The Dark Energy Spectroscopic Instrument (DESI) is cosmological observation instrument installed at Kitt Peak National Observatory, Arizona.that observes galaxies and other distant cosmic objects in order to develop a 3D map of the universe. In May 2025, the first major data release was published, containing 18 million of those observations.

Manual analysis is untenable for so many objects. To that end, the DESI collaboration has developed an automatic algorithm called ‘redrock’ that uses PCA templates. Redrock is highly reliable (correctly classifying approximately 94% of objects), but struggles with rare and anomalous objects which its templates do not cover. Furthermore, an accuracy of 94% amounts to over a million errors across the dataset, which could hinder research and contaminate the 3D maps.

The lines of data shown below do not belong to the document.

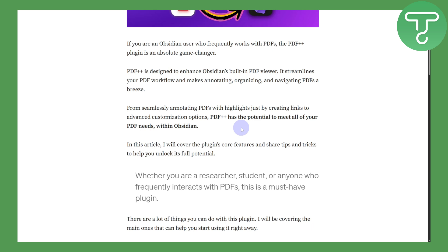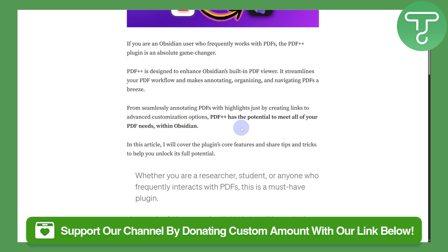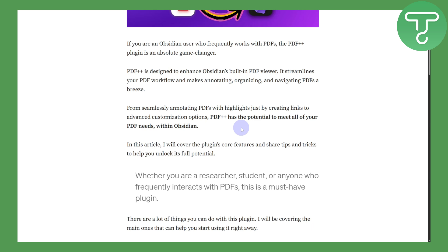You can head over to the link in the description below to donate to our channel if you find this video interesting, and don't forget to subscribe. See you guys in the next video.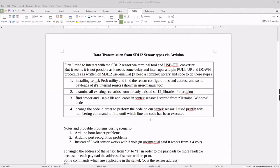Hi everyone, here is Amin. Welcome back. In this tutorial I'm going to show you how to retrieve the data from the ST12 sensor to your Arduino board and finally receive them in the terminal in your PC. So let's start.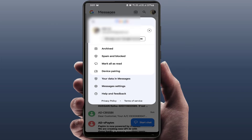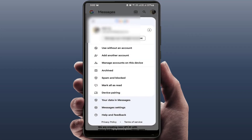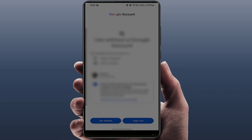To remove it, expand the Google account section by tapping the down arrow like this. Here you will get the option 'Use without an account' — just tap on it. Now it will remove your Google account from the messaging app. As you can see, the Google account has been removed.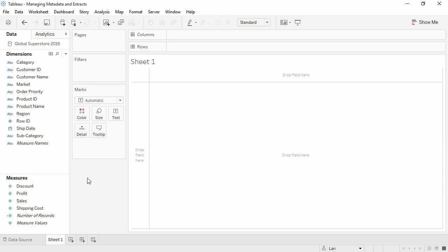Welcome to this video on managing metadata in Tableau. You can download the workbook to follow along in your own copy of Tableau.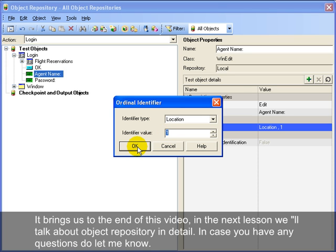This brings us to the end of this video. In the next lesson we will talk about object repository in detail. If you have any questions, do let me know.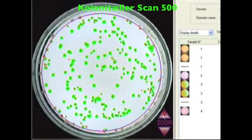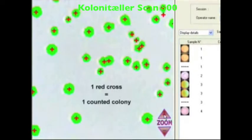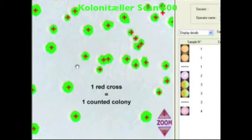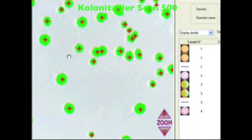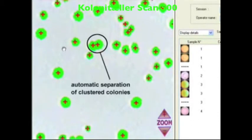Zoom in on the image. Each counted colony is marked with a cross. The separation of clustered colonies is automatic.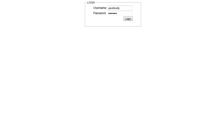Thank you for viewing our video on how to add and edit auctions using the GavelBuddy Auction Program. In this video we will be covering the basics of managing auctions in the GavelBuddy program, as well as utilizing auction templates to make the auction entry process even more efficient.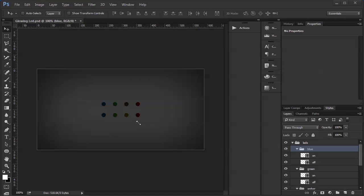Hey everyone, it's Aaron. Today I'm going to show you how to make glowing LEDs in Photoshop.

To that end this model aims to identify objects on which redrock has made a mistake. This will allow for errors to be separated from the rest of the dataset and therefore prevented from contaminating the 3D maps of the universe (redshift is particularly important for this, as it is the primary determinant of the object’s distance in the 3D map).

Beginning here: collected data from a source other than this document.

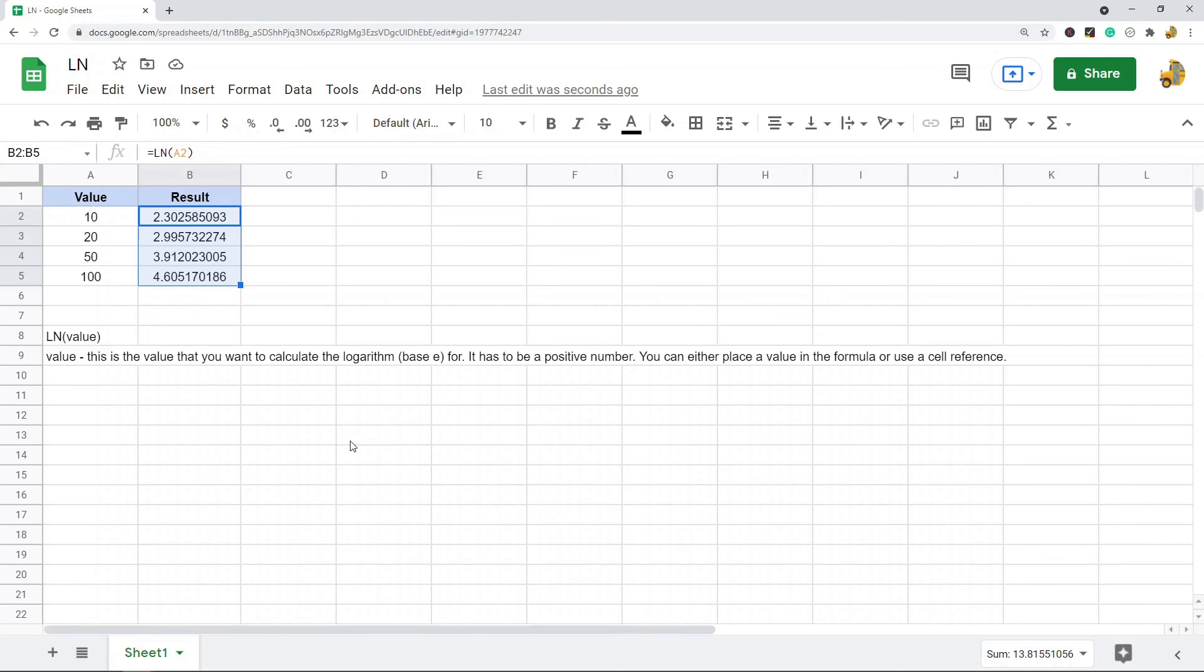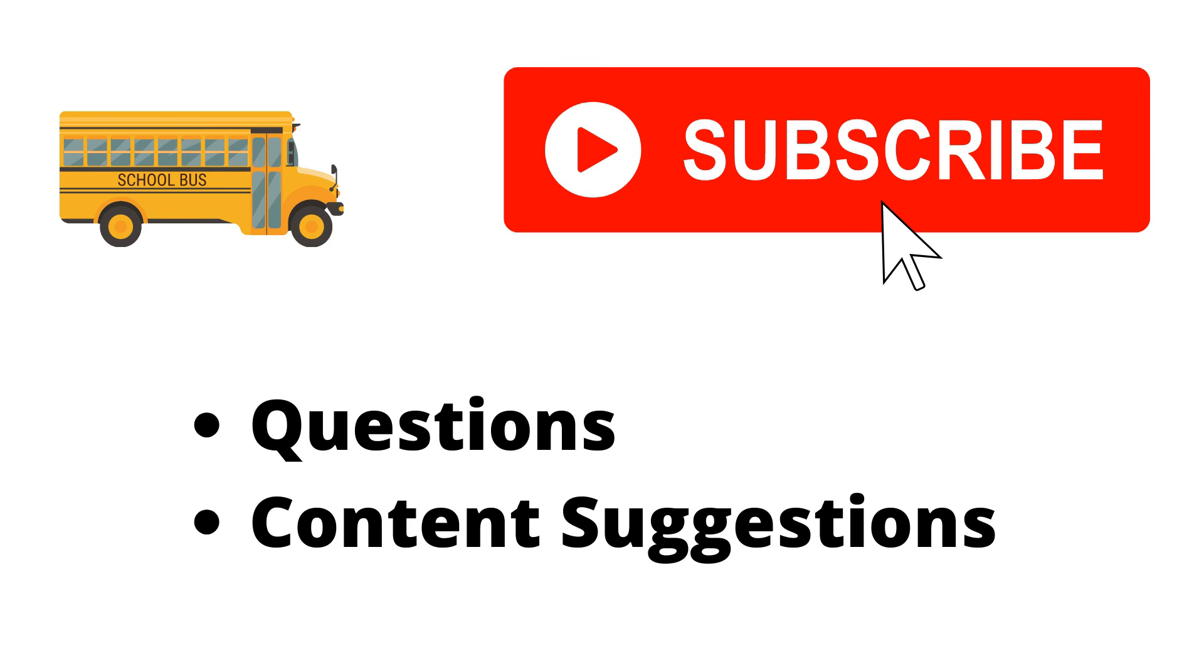But that is pretty much it for this video. If you have any questions, let me know in the comments. Thank you for watching the video. If you haven't already, make sure to hit the subscribe button. If you have any questions or content suggestions, just let me know in the comments and I'll try my best to answer everyone.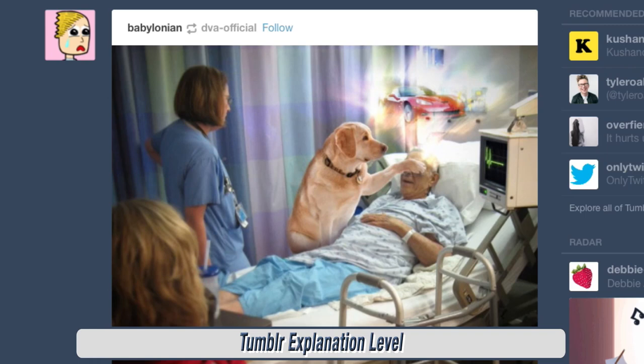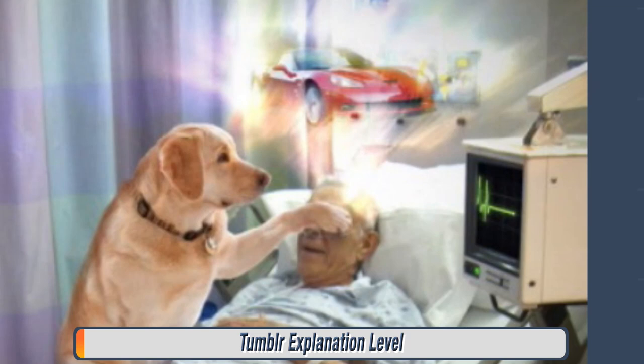Let's start from the second one here. Okay, so there's an elderly, geriatric gentleman in a hospital bed, with a dog whose paw is covering the man's eyes. And there's a nurse that seems somewhat indifferent to the process. And then there's an image over the older man's head — a sports car.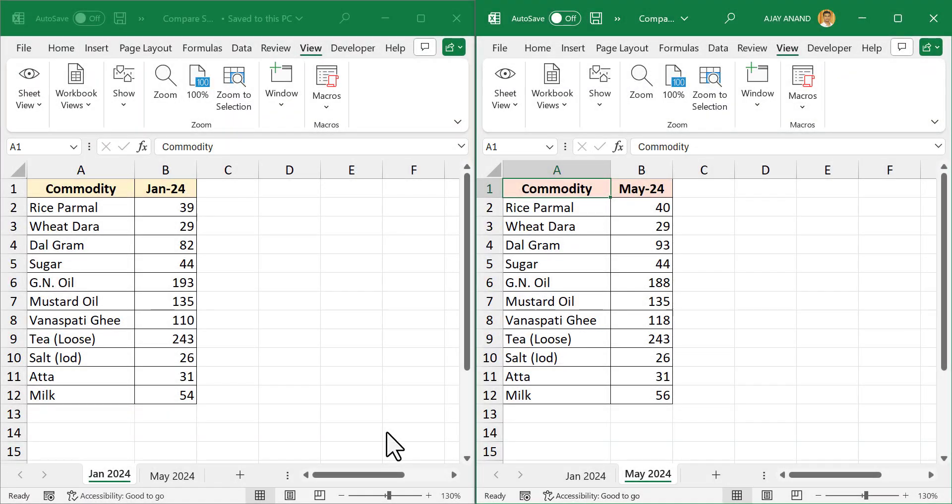In this video, I will show you how to compare two worksheets of an Excel workbook and highlight the differences between them.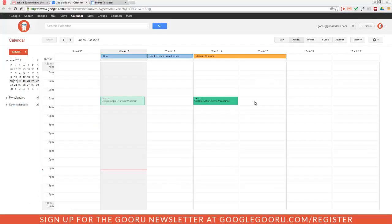Welcome back to Google Guru. Today I'm going to show you a really easy way to publish an event so people can easily add it to their calendar.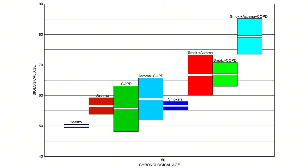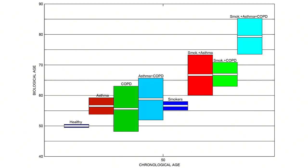We can see that uncertainty is quite high, but we can still observe some interesting effects. For example, individuals that have asthma and don't smoke have a biological age of around 57 years, while people that have asthma and smoke have a biological age of 67. So the combined effect of smoking and asthma is much more detrimental than either single factor alone. The worst case is individuals who smoke and have both asthma and COPD, for whom the biological age reaches almost 80 years.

Ultimately, this project seeks to identify rare and anomalous objects for further study. The current iteration focuses on identifying all redrock errors, which may be due to poor observational quality or other systematic errors.

Skyseek has a hybrid convolutional-attention-MLP architecture designed to interpret spectroscopic data by combining local feature detection with global structural analysis. The encoder portion consists of two convolutional layers followed by two transformer layers. The convolutional layers use kernels of size 6 and 18 to target discrete physical features like emission lines, which typically range from 4 Å to 30 Å in width. These extracted features are then processed by the transformer layers, in order to interpret the global context of and relationships between the detected spectral lines. To finalize the encoding, an attention-pooling layer condenses the output into a 36-length latent vector that captures the most significant information from the input spectra.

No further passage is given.